Magnetic Resonance Imaging Evaluation of Cerebral Microbleeds: A Comparative Analysis of Susceptibility Weighted Imaging and T2* Gradient Recalled Echo Sequences TC06-TC12
F-302, Faculty Block, University Campus, Teerthankar Mahaveer University, Bagadpur, Delhi Road, Moradabad, Uttar Pradesh, India.
Introduction: Cerebral Microbleeds (CMBs) are increasingly recognised as an important predictor of small vessel disease and cannot be detected on routine Computed Tomography (CT) or Magnetic Resonance Imaging (MRI) sequences.
Aim: This study was aimed at evaluating CMBs on MRI and to compare the sensitivity of SWI and T2* GRE sequences in detection of these microbleeds.

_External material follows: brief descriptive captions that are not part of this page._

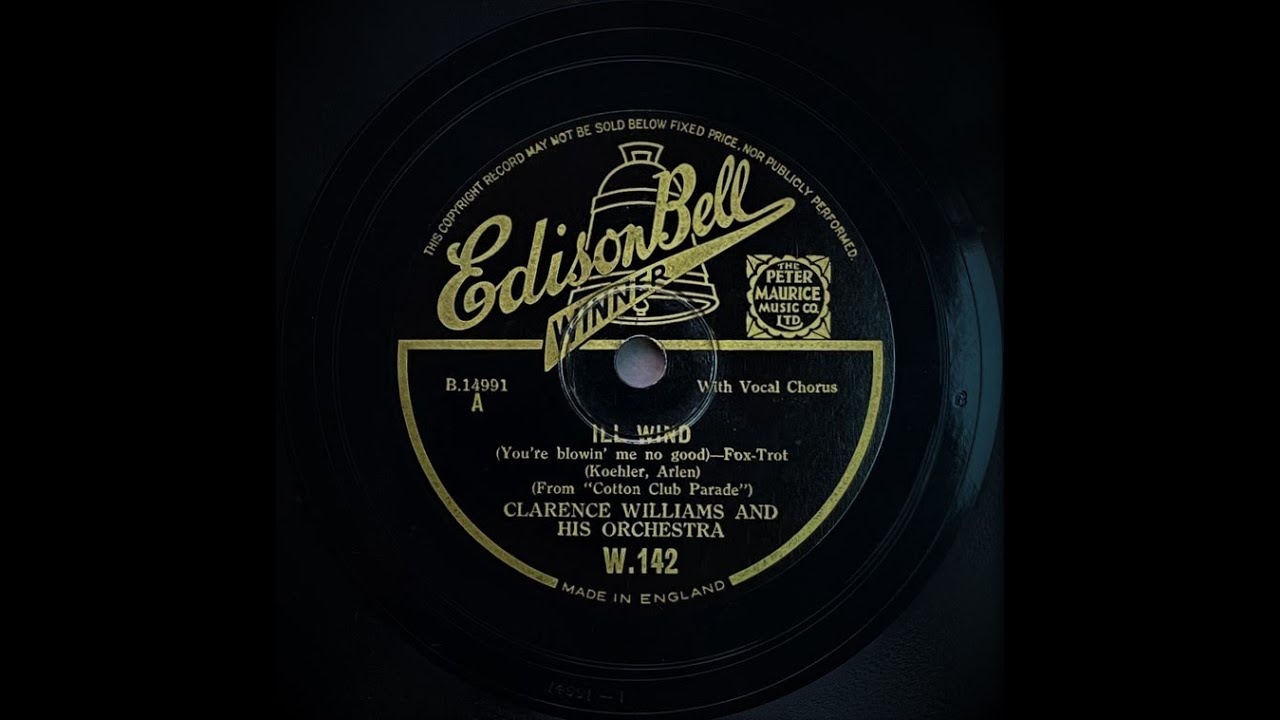 Ill Wind (you're  blowin' me no good) - Clarence Williams and His Orchestra (1934)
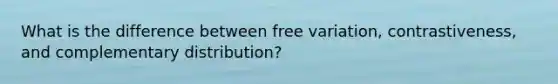 What is the difference between free variation, contrastiveness, and complementary​ distribution?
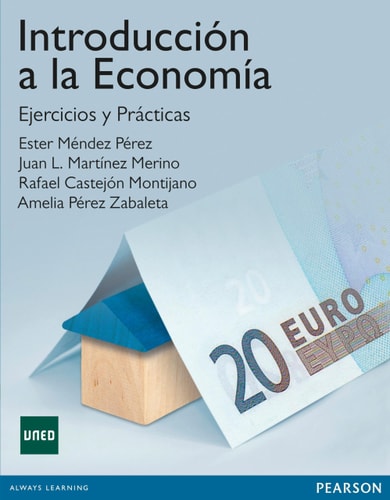 Introducción a la economía. Ejercicios y prácticas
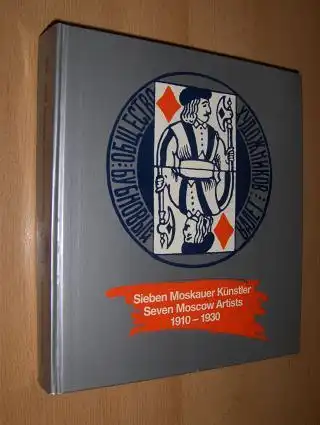 Dshafarowa, Swetlana G. und Gmurzynska: Sieben Moskauer Künstler / Seven Moscow Artists 1910-1930 *. Deutsch/English. 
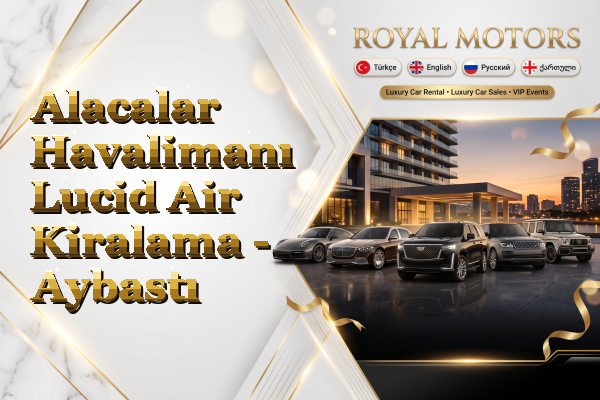 Alacalar Havalimanı Lucid Air Kiralama - Aybastı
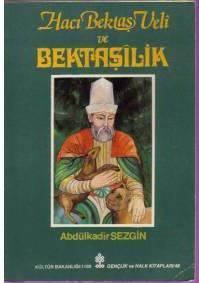 Kültür ve Turizm Bakanlığı Yayınları, Hacı Bektaş Velî ve Bektaşilik, Abdülkadir Sezgin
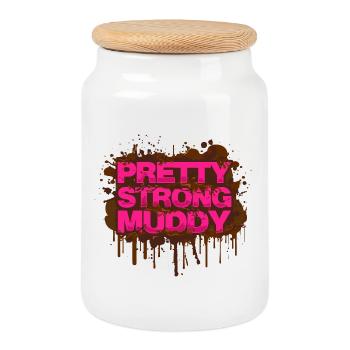 Pretty Strong Muddy Schlammlauf Mud Run Muddy Race - Cookie Jar with Wooden Lid - white - Front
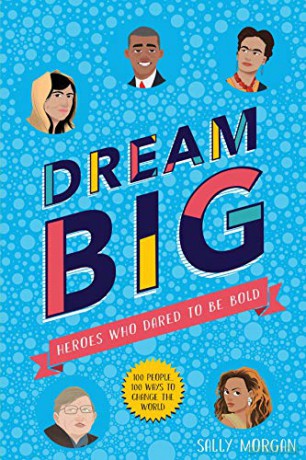Dream Big! Heroes Who Dared to Be Bold 100 people - 100 ways to change the world - Sally Morgan [KSIĄŻKA]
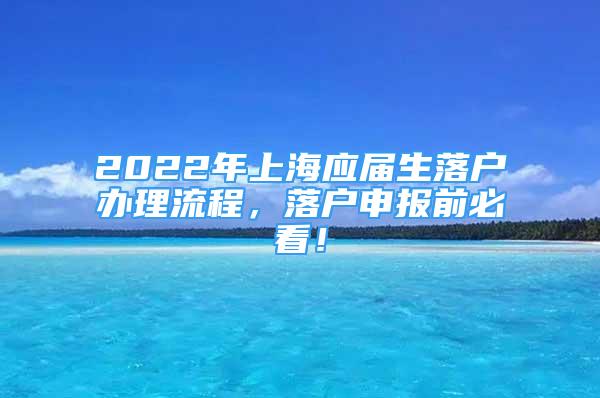 2022年上海應(yīng)屆生落戶辦理流程，落戶申報前必看！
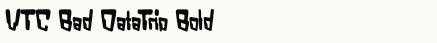 font шрифт VTC Bad DataTrip Bold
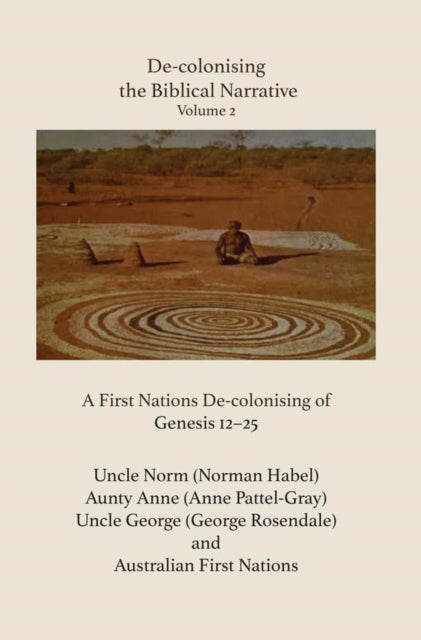 Book cover of: De-colonising the Biblical Narrative - Volume 2. By: Norman Habel
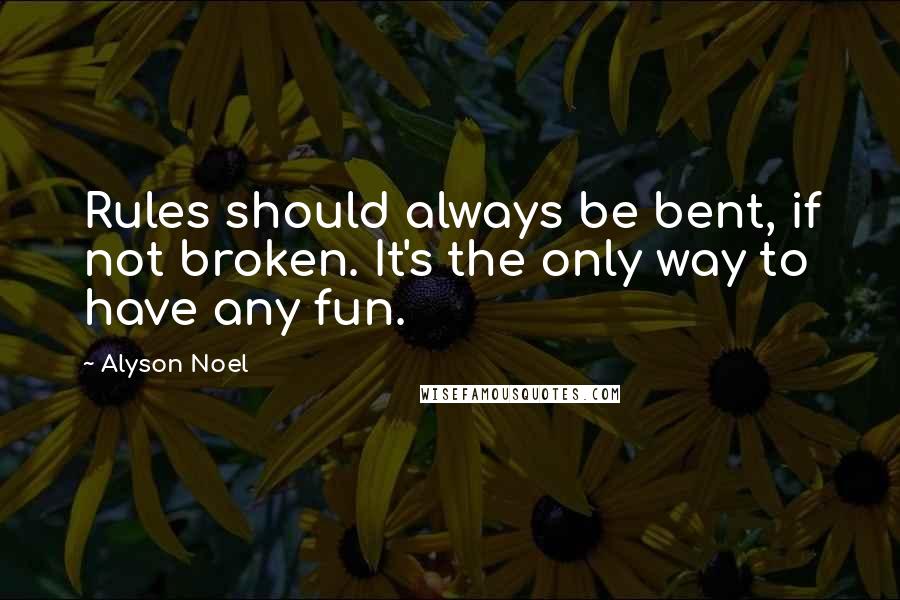 Alyson Noel Quotes: Rules should always be bent, if not broken. It's the only way to have any fun.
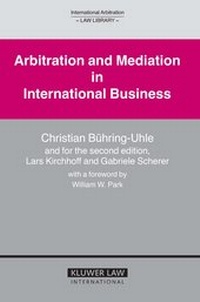 Abbildung von: Arbitration and Mediation in International Business - Kluwer Law International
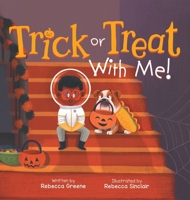 Trick or Treat With Me! B0DRSP3ZM3 Book Cover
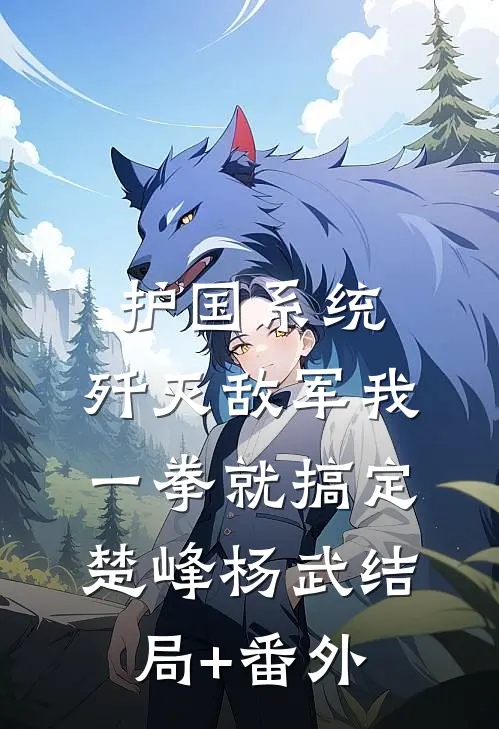 护国系统：歼灭敌军我一拳就搞定楚峰杨武结局+番外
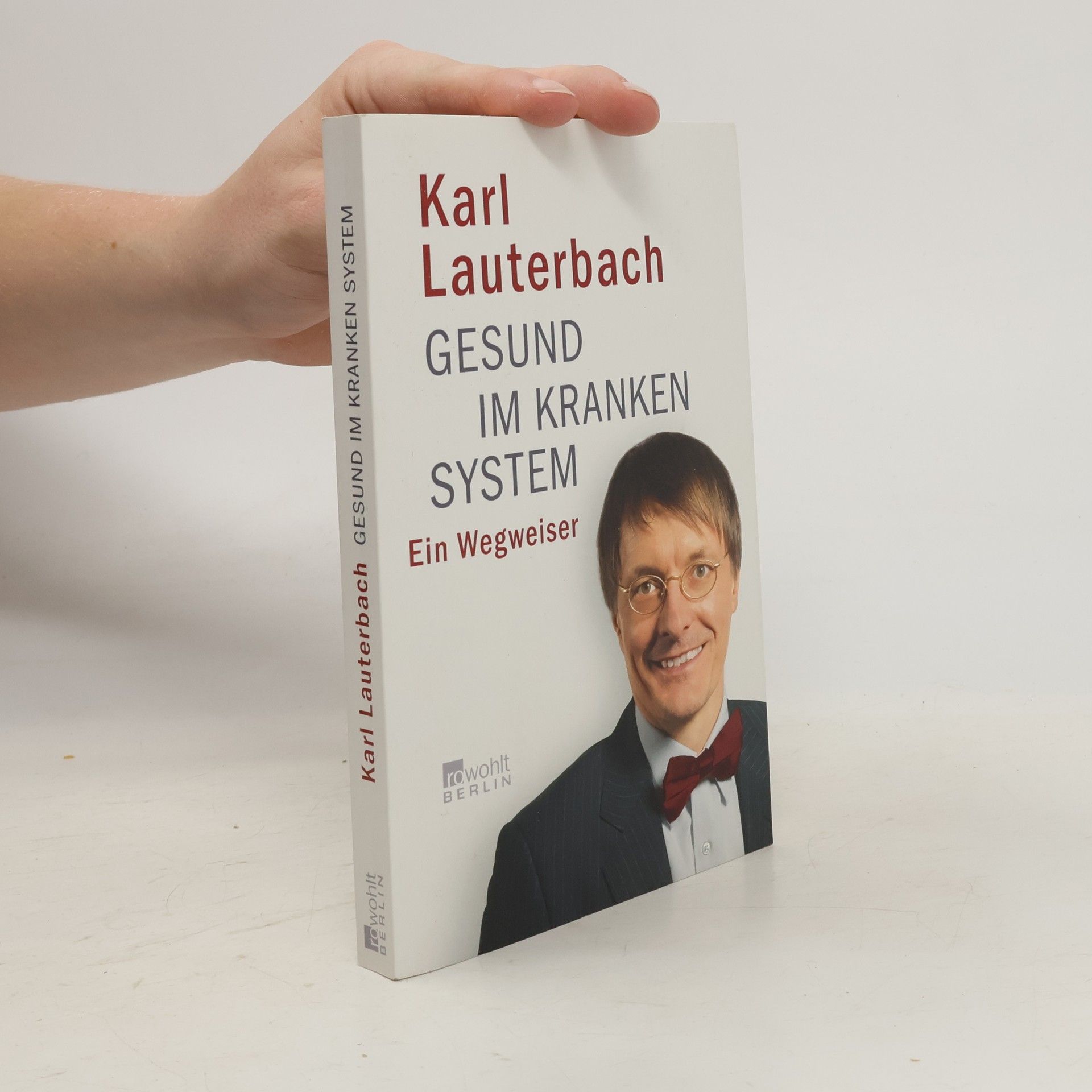 Karl Lauterbach Gesund im kranken System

In addition, we also sought to evaluate association between topography (size, number and location) of CMBs and various risk factors.
Materials and Methods: This Prospective observational analytical study comprised of 67 patients with CMBs who were evaluated with Siemens 1.5 Tesla MRI machine. T2*-weighted gradient recalled echo sequence and Susceptibility-Weighted Imaging (SWI) were taken in all the patients in addition to routine MRI sequences. Two observers blinded to clinical information, independently interpreted the T2*GRE and SWI sequences. Both observers recorded the topographical details of CMBs which included presence, number, size and location and their association with various risk factors (hypertension, diabetes, smoking and hyperlipidemia). Inter-rater agreement for the number of CMBs on SWI and on T2*GRE was calculated using Cohen’s Kappa (?) as measure of agreement. Intra-Class Correlation Coefficient (ICC) for reliability index in test-retest, intra-rater and interrater reliability was also analysed. The intra-rater reliabilities of each rater were compared. The Correlations between CMBs and risk factors was performed with Pearson’s correlation Coefficient (r). The p-value <0.05 was considered statistically significant.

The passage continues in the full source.